When you copy the data that follows, reproduce every word exactly and leave out the images.

§ **Recorded data**

============================================================

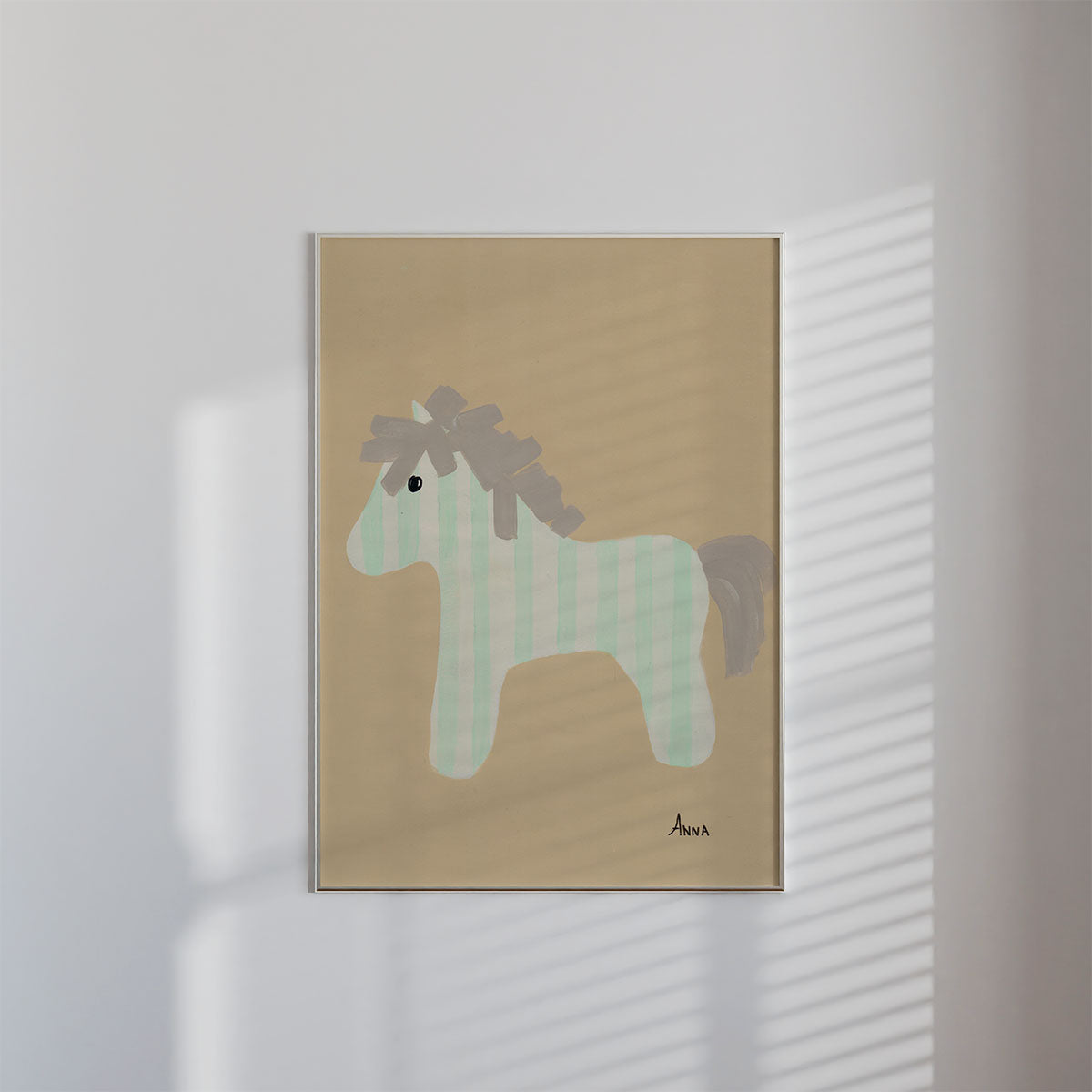 Thin Stripe Horse Wall print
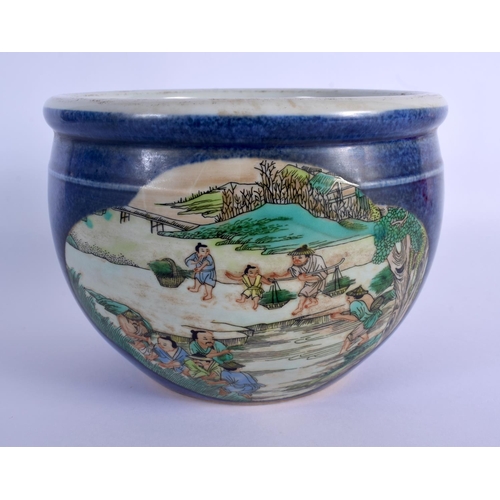 1885 - A CHINESE POWDER BLUE GROUND PORCELAIN JARDINIERE 20th Century. 16 cm x 13 cm.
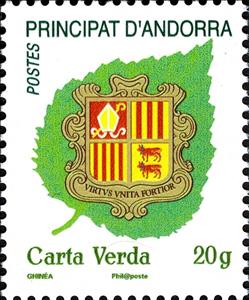 Stamp, Arm of Andorra, Andorra, French Administration,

============================================================

§ **Solution for this exercise**
 Thin Stripe Horse Wall print
 1885 - A CHINESE POWDER BLUE GROUND PORCELAIN JARDINIERE 20th Century. 16 cm x 13 cm.
 Stamp, Arm of Andorra, Andorra, French Administration,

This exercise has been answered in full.